# Data Extraction

There are 5 youtube fitness channels I am interested in. The channel names are MadFit, blogilates, emi wong, Rebecca-Louise and Chloe Ting.

I used the YouTube Data API v3 to scrape the channel and video information. 
To do so, the following steps were carried out in order:
- created a project on Google Developers Console
- requested an authorization credential (API key). 
- enabled Youtube API for my project 

As for the functions that I have used to scrape the youtube data, I give credit to thu-vu92 for using the code provided her GitHub project 'youtube-api-analysis'. This project was inspired by the YouTube API tutorial video created by Thu Vu data analytics, titled 'Youtube API for Python: How to Create a Unique Data Portfolio Project'.


In [1]:
import os
import pandas as pd
import youtube_scraping_functions as ytfuns  # Module to scrape channels and videos

from googleapiclient.discovery import build  # Google API
from IPython.display import JSON             # Disply JSON
from functools import partial                # Use with Map to fix an argument


In [2]:
# API Key generated from Google Cloud
api_key = 'XXXX'

# List of channels ids of the 5 fitness channel which was found from their respective youtube channel url
channel_ids = ['UCpQ34afVgk8cRQBjSJ1xuJQ', # MadFit
               'UCvGEK5_U-kLgO6-AMDPeTUQ', # EmiWong
               'UCIJwWYOfsCfz6PjxbONYXSg', # Blogilates
               'UCCgLoMYIyP0U56dEhEL1wXQ', # ChloeTing
               'UCi0AqmA_3DGPFCu5qY0LLSg', # Rebecca-Louise
              ]

# Get credentials and create an API client
youtube = build("youtube", "v3", developerKey=api_key)
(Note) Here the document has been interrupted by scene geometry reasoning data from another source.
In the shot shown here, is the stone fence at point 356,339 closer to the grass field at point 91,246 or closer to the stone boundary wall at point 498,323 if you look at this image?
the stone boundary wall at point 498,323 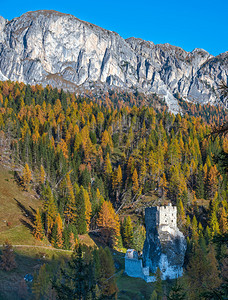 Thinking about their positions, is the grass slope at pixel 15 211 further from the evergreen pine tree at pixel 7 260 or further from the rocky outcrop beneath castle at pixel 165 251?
the rocky outcrop beneath castle at pixel 165 251

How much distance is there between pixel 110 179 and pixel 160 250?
4563cm

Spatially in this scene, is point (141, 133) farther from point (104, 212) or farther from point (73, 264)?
point (73, 264)

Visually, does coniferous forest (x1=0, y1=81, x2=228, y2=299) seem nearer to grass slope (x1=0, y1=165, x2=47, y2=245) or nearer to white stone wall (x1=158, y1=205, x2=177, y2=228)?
grass slope (x1=0, y1=165, x2=47, y2=245)

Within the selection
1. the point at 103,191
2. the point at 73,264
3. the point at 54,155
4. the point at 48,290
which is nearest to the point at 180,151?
the point at 103,191

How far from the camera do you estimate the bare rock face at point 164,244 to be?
61750mm

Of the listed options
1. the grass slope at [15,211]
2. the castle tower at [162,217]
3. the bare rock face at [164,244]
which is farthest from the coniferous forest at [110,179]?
the castle tower at [162,217]

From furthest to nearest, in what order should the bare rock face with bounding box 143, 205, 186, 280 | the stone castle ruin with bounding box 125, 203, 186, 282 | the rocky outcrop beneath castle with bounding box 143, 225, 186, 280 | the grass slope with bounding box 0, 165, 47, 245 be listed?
the grass slope with bounding box 0, 165, 47, 245
the bare rock face with bounding box 143, 205, 186, 280
the rocky outcrop beneath castle with bounding box 143, 225, 186, 280
the stone castle ruin with bounding box 125, 203, 186, 282

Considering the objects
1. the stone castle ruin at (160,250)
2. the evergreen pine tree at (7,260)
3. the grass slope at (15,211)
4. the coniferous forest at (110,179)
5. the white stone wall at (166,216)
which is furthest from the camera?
the white stone wall at (166,216)

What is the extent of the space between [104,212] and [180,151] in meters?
45.4

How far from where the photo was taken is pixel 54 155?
106938 mm

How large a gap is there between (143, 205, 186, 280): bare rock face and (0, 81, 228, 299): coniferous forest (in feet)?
10.4

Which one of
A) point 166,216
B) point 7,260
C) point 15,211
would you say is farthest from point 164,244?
point 15,211

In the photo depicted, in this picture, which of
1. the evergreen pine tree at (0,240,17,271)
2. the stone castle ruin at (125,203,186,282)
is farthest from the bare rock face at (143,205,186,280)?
the evergreen pine tree at (0,240,17,271)

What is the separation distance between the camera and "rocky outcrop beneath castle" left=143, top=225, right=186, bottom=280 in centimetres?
6159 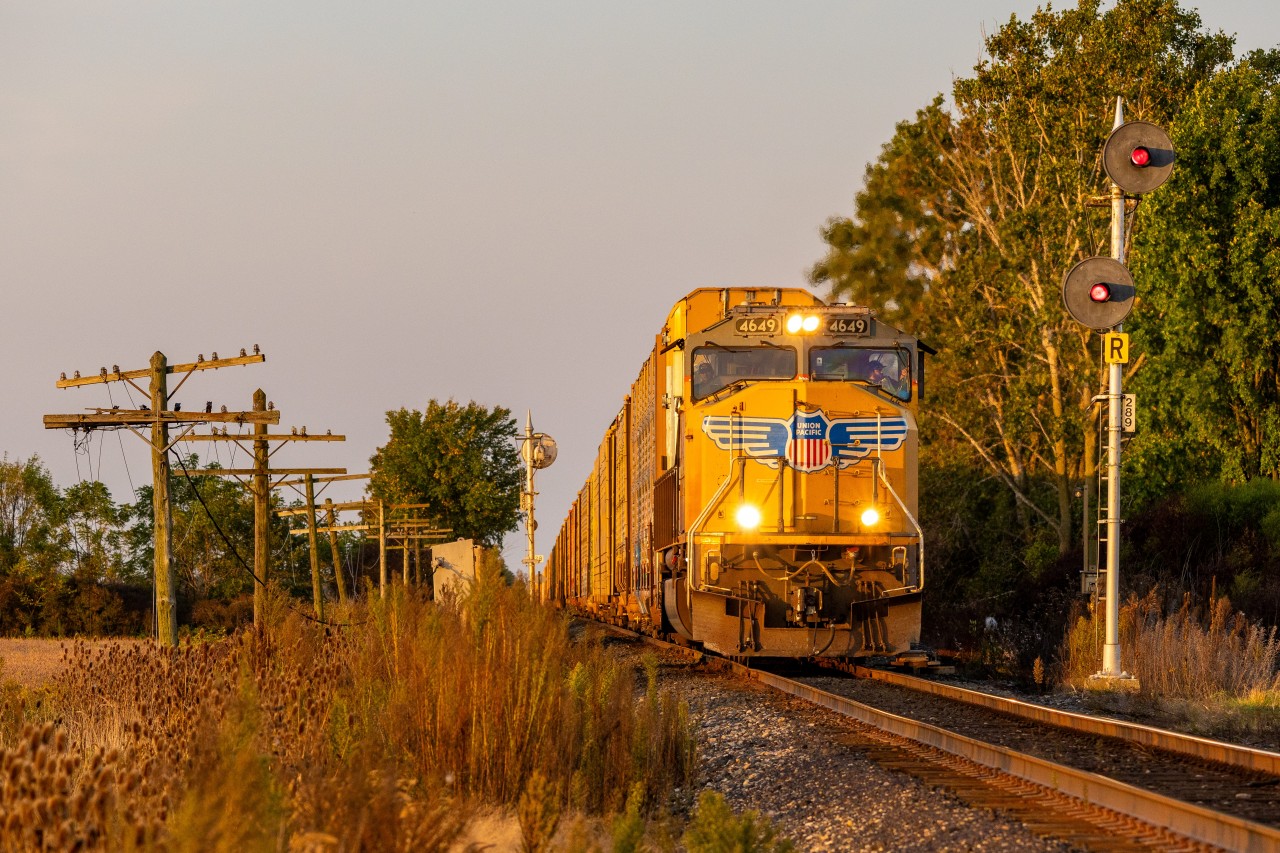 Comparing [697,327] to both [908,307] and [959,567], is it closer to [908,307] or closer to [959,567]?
[959,567]

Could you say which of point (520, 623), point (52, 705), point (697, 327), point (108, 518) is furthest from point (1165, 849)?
point (108, 518)

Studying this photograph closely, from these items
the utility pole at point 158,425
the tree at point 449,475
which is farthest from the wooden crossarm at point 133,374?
the tree at point 449,475

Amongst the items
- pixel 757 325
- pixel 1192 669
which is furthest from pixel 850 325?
pixel 1192 669

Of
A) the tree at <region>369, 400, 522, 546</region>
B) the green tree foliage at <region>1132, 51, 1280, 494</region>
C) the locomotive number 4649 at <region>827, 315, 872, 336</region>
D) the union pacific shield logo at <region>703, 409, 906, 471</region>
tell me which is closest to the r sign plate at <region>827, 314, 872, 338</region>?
the locomotive number 4649 at <region>827, 315, 872, 336</region>

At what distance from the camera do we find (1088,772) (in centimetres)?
738

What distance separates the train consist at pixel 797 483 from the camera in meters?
14.8

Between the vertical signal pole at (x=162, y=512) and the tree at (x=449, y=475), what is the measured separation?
44783mm

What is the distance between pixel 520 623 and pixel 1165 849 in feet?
14.9

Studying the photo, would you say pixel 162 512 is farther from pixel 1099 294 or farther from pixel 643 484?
pixel 1099 294

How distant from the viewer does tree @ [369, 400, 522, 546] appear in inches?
2608

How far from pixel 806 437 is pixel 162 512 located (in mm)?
9879

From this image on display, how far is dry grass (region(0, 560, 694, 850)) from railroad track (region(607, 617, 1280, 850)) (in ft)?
5.66

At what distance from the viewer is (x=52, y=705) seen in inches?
410

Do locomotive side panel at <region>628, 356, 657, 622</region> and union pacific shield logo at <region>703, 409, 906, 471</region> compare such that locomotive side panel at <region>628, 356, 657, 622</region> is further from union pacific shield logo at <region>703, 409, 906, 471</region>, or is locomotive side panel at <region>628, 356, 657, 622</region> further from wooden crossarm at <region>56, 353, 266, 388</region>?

### Get channel statistics 

In [3]:
# get channel data and convert to dataframe
channels_df = pd.DataFrame(ytfuns.get_channel_stats(youtube, channel_ids))

### Get video statistics 

In [4]:
# create empty dataframe to store video data
video_df = pd.DataFrame()

# Create a dataframe of video statistics of all videos from all the channels
for c in channels_df['ChannelName'].unique():
    print("Getting video information from channel: " + c)
    playlist_id = channels_df.loc[channels_df['ChannelName']== c, 'playlistID'].iloc[0]
    
    # get list of video ids of all videos in the channel
    video_ids = ytfuns.get_video_ids(youtube, playlist_id)
    
    # get video statistics of each video in the channel
    video_data = pd.DataFrame(ytfuns.get_video_stats(youtube, video_ids))
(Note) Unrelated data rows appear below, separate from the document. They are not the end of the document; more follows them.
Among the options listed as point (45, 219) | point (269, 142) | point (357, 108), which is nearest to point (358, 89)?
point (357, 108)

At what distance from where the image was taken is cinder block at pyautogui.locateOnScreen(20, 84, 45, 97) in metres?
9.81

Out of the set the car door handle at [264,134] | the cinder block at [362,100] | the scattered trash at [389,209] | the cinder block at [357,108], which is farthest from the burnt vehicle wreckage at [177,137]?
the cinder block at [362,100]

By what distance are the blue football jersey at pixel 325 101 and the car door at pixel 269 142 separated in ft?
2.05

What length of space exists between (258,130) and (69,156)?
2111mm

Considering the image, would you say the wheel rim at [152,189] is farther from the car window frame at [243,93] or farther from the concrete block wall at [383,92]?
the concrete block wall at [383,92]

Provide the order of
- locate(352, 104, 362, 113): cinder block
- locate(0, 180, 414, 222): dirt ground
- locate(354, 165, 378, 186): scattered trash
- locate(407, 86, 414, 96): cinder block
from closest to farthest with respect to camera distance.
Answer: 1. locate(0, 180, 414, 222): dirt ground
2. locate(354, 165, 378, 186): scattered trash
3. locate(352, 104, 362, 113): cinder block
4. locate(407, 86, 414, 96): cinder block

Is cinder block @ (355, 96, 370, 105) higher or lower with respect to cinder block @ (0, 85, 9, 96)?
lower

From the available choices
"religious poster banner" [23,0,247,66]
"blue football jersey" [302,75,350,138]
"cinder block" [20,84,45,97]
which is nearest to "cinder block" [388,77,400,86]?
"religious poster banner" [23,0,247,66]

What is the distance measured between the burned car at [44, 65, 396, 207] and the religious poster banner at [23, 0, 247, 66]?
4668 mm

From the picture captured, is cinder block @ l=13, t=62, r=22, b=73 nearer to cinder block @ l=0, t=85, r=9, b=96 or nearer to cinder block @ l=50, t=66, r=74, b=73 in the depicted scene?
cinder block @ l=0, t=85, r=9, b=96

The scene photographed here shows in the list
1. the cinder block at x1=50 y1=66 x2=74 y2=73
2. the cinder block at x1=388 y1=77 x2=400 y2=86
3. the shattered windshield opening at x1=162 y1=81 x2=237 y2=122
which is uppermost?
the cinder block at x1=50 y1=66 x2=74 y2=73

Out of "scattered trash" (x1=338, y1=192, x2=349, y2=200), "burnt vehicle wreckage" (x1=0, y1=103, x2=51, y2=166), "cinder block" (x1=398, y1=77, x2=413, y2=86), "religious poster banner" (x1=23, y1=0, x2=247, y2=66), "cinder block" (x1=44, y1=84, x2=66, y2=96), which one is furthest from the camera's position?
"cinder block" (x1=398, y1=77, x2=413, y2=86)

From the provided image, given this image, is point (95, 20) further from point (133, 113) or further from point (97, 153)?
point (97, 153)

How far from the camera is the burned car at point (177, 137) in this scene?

    # concat video data of the channel to the dataframe
    video_df = pd.concat([video_df,video_data], ignore_index=True)


Getting video information from channel: Chloe Ting
Getting video information from channel: blogilates
Getting video information from channel: MadFit
Getting video information from channel: Rebecca-Louise
Getting video information from channel: emi wong


#### Check that the data has been scraped properly

In [5]:
channels_df.head()

Unnamed: 0,ChannelName,ChannelDescription,PublishedDate,TotalSubscribers,TotalViews,TotalVideos,playlistID
0,Chloe Ting,Subscribe to my channel and find weekly workou...,2011-08-17T04:29:09Z,24700000,2980737335,407,UUCgLoMYIyP0U56dEhEL1wXQ
1,blogilates,"Hey guys! My name is Cassey Ho, I am a certifi...",2009-06-13T09:05:48Z,8690000,2820126375,1183,UUIJwWYOfsCfz6PjxbONYXSg
2,MadFit,"This is a place where I post REAL TIME, AT HOM...",2018-03-02T01:46:06Z,8000000,943060836,723,UUpQ34afVgk8cRQBjSJ1xuJQ
3,Rebecca-Louise,"Hey, \n\nWelcome to #TEAMBURN 🙌🏻 \n\nI am so e...",2012-09-22T18:04:00Z,720000,117668198,1257,UUi0AqmA_3DGPFCu5qY0LLSg
4,emi wong,welcome to my channel!\nhope my videos can hel...,2014-11-02T14:43:34Z,6100000,819791658,499,UUvGEK5_U-kLgO6-AMDPeTUQ


In [6]:
video_df.head()

Unnamed: 0,video_id,channelTitle,title,description,tags,publishedAt,viewCount,likeCount,favouriteCount,commentCount,duration,definition
0,e7zzES8PeG4,Chloe Ting,Shocking Before After Transformation Results! ...,Check out these amazing before and after trans...,"[Abs, Abs results, Abs workout results, Before...",2023-06-28T14:00:23Z,36033,2677,,163,PT9M22S,hd
1,AZ1ihabY6bI,Chloe Ting,when you're having a bad day,Cute samoyed doggies in Seoul!!,"[samoyed, seoul, day in my life, doggies, dogs...",2023-06-19T14:55:36Z,87568,4739,,77,PT18S,hd
2,5GLA8MrlDnM,Chloe Ting,A day in my life living in Korea,Short vlog from a day out and about while in S...,"[dayinmylife, korea, seoul, vlog, chloeting, c...",2023-06-05T14:51:22Z,317017,9618,,708,PT12M37S,hd
3,IOJ7Fxa8e2Y,Chloe Ting,GROW YOUR BOOTY with these exercises,See the full video here: https://youtu.be/4zuY...,"[glute workout, booty workout, gym workout, fi...",2023-05-24T15:32:44Z,171898,5484,,57,PT23S,hd
4,ljNgkSctkXg,Chloe Ting,INTENSE Full Body Workout - 30 Min No Equipment,This is a 30 min full body intense workout fro...,"[workout, home workout, full body workout, ful...",2023-05-17T14:00:27Z,620735,17223,,863,PT31M14S,hd


### Save raw data 

In [7]:
# get the current working directory; should be the top level project folder
cwd = os.path.dirname(os.getcwd())

# file path of where the scraped data will be stored
path = cwd + "/data/raw"

In [8]:
# Save dataframes as csv files 
channels_df.to_csv(path + "/fitness_channels_2023_06_28.csv", index=False)
video_df.to_csv(path + "/fitness_videos_2023_06_28.csv", index=False)